This blog introduces the exhibition Rural Avant Garde: The Mountain Lake Experience showing at Cedarhurst October 18 through January 3, 2021. The exhibition was organized by the Longwood Center for the Visual Arts in Farmville, Virginia. In 2018, the companion book was published as The Mountain Lake Symposium and Workshop: Art in Locale. Edited by Ray Kass and Howard Risatti.
The Mountain Lake Symposium and Workshop (MLSW) was begun in 1980 by Virginia Tech art professor Ray Kass and co-directed with art historian Howard Risatti of Virginia Commonwealth University. The conferences were held at a rural retreat center at Mountain Lake in the Appalachian region of western Virginia and has evolved into an ongoing art project.
Installation view of Rural Avant Garde, Finster left, Cage right. Photo: R. Freeman
From the beginning, Kass’ goal for the MLSW was to bring together the leading art critics with the best collaborative visual artists and also invite the local communities to participate. Some of the participants included artists John Cage, Howard Finster, and Sally Mann with critics Donald Kuspit, Clement Greenberg, and Rosalind Krauss.
Primal elements were used in art making at Mountain Lake. Photo courtesy of Longwood Center for the Visual Arts.
The MLSW might be explained with one word, collaborative. Kass nurtured collaboration in the symposium where literary critics talked with visual artists and this interdisciplinary approach continued in the workshops. Kass’ background as a poet-painter led him to venerate the interdisciplinary benefits of merging the literary with the visual.

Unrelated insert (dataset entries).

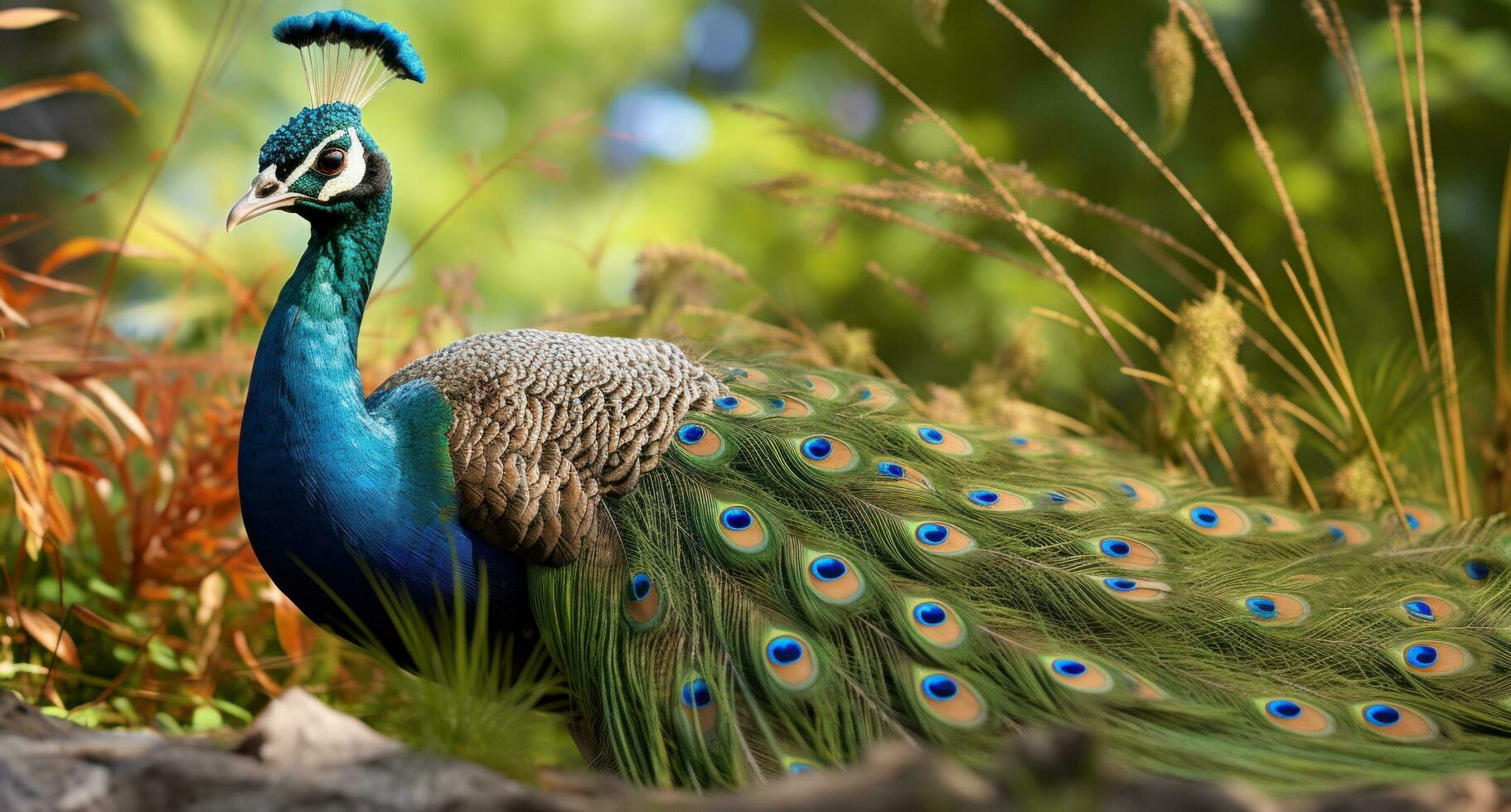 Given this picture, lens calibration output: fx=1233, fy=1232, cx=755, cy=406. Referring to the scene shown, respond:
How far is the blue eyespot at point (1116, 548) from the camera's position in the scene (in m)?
2.28

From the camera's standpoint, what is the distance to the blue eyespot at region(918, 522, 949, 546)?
2.22 m

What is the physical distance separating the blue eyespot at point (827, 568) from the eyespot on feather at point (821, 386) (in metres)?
0.53

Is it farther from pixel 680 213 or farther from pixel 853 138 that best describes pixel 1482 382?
pixel 680 213

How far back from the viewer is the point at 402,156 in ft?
20.1

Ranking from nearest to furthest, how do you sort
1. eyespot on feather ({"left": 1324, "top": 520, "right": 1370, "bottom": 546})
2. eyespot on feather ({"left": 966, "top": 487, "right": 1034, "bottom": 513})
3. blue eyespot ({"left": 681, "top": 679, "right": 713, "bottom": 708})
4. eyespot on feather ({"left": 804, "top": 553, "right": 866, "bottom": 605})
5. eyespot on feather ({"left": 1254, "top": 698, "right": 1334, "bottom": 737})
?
eyespot on feather ({"left": 1254, "top": 698, "right": 1334, "bottom": 737}) < blue eyespot ({"left": 681, "top": 679, "right": 713, "bottom": 708}) < eyespot on feather ({"left": 804, "top": 553, "right": 866, "bottom": 605}) < eyespot on feather ({"left": 966, "top": 487, "right": 1034, "bottom": 513}) < eyespot on feather ({"left": 1324, "top": 520, "right": 1370, "bottom": 546})

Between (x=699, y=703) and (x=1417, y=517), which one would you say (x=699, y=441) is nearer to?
(x=699, y=703)

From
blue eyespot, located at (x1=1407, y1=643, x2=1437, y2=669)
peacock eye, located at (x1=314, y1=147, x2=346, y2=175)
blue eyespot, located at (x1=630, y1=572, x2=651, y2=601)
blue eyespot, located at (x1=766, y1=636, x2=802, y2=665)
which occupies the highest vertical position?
blue eyespot, located at (x1=1407, y1=643, x2=1437, y2=669)

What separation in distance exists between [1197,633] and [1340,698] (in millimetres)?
235

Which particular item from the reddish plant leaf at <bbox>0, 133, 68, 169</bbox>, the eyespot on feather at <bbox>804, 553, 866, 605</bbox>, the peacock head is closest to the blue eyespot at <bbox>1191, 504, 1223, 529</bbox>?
the eyespot on feather at <bbox>804, 553, 866, 605</bbox>

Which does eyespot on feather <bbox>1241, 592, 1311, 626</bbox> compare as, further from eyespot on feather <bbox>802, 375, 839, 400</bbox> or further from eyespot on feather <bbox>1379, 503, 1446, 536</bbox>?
eyespot on feather <bbox>802, 375, 839, 400</bbox>

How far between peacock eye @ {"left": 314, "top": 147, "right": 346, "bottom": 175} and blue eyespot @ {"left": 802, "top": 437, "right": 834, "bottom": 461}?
1.01m

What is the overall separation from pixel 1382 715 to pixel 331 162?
2025 mm

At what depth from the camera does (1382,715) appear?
196 cm

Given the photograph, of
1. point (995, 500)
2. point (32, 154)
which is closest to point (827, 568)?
point (995, 500)
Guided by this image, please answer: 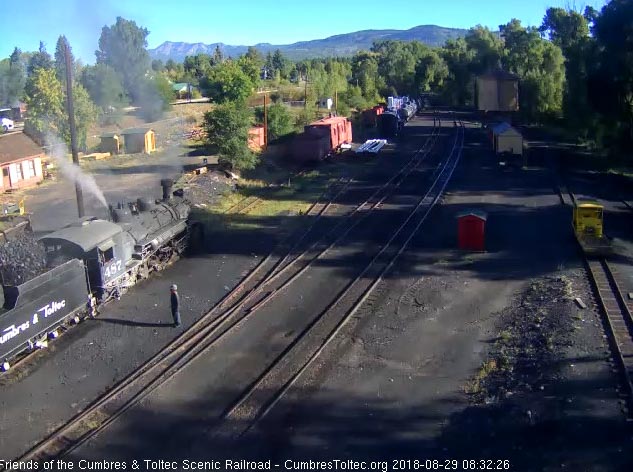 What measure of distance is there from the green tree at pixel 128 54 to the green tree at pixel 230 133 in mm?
14576

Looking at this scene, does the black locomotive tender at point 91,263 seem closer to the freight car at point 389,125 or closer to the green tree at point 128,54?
the green tree at point 128,54

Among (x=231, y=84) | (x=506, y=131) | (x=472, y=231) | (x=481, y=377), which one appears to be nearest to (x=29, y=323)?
(x=481, y=377)

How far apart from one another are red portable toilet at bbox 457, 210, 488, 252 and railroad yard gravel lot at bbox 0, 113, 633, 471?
18.7 inches

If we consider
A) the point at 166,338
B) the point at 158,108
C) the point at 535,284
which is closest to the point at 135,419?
the point at 166,338

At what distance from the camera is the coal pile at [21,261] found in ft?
36.8

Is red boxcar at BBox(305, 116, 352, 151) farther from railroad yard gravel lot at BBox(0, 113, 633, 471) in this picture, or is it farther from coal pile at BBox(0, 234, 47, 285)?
coal pile at BBox(0, 234, 47, 285)

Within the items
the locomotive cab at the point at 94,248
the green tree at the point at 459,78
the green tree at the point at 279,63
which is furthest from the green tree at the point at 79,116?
the green tree at the point at 279,63

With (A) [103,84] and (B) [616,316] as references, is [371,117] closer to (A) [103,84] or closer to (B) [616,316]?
(A) [103,84]

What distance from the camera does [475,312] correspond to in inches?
555

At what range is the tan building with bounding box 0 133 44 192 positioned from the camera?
31.1 m

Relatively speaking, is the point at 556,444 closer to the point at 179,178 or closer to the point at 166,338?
the point at 166,338

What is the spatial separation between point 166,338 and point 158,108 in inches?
1829

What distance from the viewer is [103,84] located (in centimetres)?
5503

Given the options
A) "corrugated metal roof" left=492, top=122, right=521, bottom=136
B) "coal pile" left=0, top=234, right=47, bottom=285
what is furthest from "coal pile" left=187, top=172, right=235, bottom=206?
"corrugated metal roof" left=492, top=122, right=521, bottom=136
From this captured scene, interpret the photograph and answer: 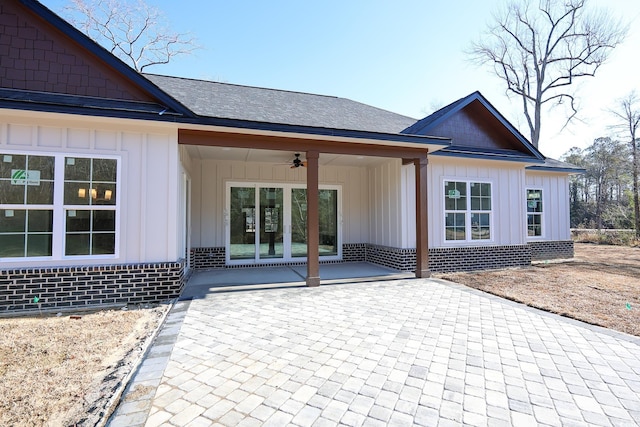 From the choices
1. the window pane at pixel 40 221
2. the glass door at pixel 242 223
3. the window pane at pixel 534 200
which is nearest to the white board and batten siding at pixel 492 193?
the window pane at pixel 534 200

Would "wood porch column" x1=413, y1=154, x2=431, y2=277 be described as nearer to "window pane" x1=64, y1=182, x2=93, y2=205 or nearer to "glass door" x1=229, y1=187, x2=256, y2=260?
"glass door" x1=229, y1=187, x2=256, y2=260

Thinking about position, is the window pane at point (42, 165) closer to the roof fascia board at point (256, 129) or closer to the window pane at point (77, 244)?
the roof fascia board at point (256, 129)

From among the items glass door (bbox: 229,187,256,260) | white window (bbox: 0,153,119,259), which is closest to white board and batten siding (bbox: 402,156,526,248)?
glass door (bbox: 229,187,256,260)

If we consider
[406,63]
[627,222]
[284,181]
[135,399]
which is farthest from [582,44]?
[135,399]

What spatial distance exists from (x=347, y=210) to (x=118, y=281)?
20.1ft

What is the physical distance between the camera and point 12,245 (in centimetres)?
481

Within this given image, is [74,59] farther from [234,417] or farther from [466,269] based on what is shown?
[466,269]

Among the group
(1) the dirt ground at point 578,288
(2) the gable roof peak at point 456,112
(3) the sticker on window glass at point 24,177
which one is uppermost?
(2) the gable roof peak at point 456,112

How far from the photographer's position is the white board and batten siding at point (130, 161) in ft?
15.8

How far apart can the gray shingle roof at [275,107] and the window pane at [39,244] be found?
3.01 metres

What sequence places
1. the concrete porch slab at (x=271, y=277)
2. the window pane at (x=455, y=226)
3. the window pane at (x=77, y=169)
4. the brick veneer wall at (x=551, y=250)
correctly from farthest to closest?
the brick veneer wall at (x=551, y=250), the window pane at (x=455, y=226), the concrete porch slab at (x=271, y=277), the window pane at (x=77, y=169)

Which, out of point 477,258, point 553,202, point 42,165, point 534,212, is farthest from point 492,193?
point 42,165

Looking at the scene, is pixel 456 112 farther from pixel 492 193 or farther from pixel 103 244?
pixel 103 244

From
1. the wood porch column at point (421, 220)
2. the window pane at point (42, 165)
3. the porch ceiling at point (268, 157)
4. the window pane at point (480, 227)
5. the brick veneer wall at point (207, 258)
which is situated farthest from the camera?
the window pane at point (480, 227) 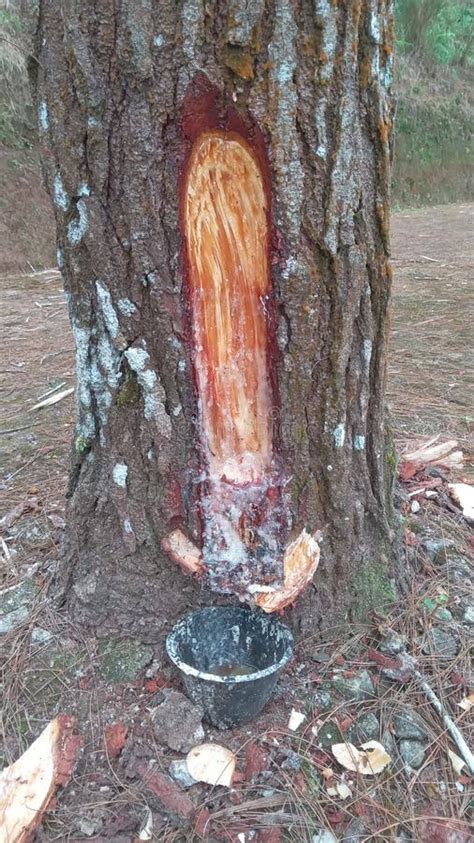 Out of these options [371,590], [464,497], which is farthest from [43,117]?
[464,497]

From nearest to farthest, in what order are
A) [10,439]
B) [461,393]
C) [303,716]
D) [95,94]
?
[95,94], [303,716], [10,439], [461,393]

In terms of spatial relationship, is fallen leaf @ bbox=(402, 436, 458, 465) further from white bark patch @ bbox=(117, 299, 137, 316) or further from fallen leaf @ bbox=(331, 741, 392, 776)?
white bark patch @ bbox=(117, 299, 137, 316)

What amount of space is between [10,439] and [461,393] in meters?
2.38

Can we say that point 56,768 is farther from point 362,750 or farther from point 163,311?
point 163,311

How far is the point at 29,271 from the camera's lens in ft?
23.5

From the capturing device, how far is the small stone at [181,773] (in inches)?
56.2

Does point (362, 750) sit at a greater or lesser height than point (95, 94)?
lesser

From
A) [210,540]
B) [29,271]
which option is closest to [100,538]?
[210,540]

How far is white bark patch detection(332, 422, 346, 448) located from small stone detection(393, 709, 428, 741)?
27.1 inches

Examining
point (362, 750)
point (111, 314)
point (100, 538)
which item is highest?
point (111, 314)

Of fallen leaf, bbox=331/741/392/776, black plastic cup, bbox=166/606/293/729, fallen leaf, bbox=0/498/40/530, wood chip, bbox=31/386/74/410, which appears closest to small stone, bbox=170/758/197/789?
black plastic cup, bbox=166/606/293/729

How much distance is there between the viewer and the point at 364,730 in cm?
155

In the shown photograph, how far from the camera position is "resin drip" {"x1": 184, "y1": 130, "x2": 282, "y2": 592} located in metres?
1.38

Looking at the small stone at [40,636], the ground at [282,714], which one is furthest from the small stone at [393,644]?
the small stone at [40,636]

Installation view of three Howard Finster collaborative paintings. Photo: R. Freeman.
In important ways, MLSW questioned the role of art in society today asking the hard question: “Does Art stand for something beyond existing as a mere commodity?” Howard Risatti answered, in the book’s epilogue, that the MLSW approach to the artist’s role was to work with and for local communities. MLSW used cross-disciplinary approaches involving a variety of skills and talents, all collaborating to create art works representing the shared values of all participants. Risatti summarized the MLSW programs as providing “a pathway to give the individual and collective imagination the potential to realize a meaningful and socially responsible relationship to the world… through the aesthetic experience.”
Detail of Howard Finster, Empty Road, 1987, silkscreen. Photo: R. Freeman.
There is a parallelism to their approach and what we do here at Cedarhurst. Kass and Risatti believed that high principled art making could be a collaborative event and that the art making and discussions take place in the very community that makes the art. So does Cedarhurst.
John Cage was an inspiration to many disciplines of artists, here, painting at Mountain Lake. Photo courtesy of Longwood Center for the Visual Arts.
Communities produced art at Mountain Lake that were collaborative explorations of the meanings and functions of art. Experts from computer science, physics, biology, and the social sciences worked with visiting artists and the community to make new artworks and explore new research initiatives. Participants were encouraged to take risks and experiment with indeterminacy, a concept used by composer and artist John Cage. “Indeterminacy” meant taking the risk to make art relying on chance and trusting in the many possible results instead of relying on pre-determined outcomes.
The Mountain Lake experience exemplifies Ray Kass and Howard Risatti’s risk-taking dream for cross-disciplinary projects melding art with science.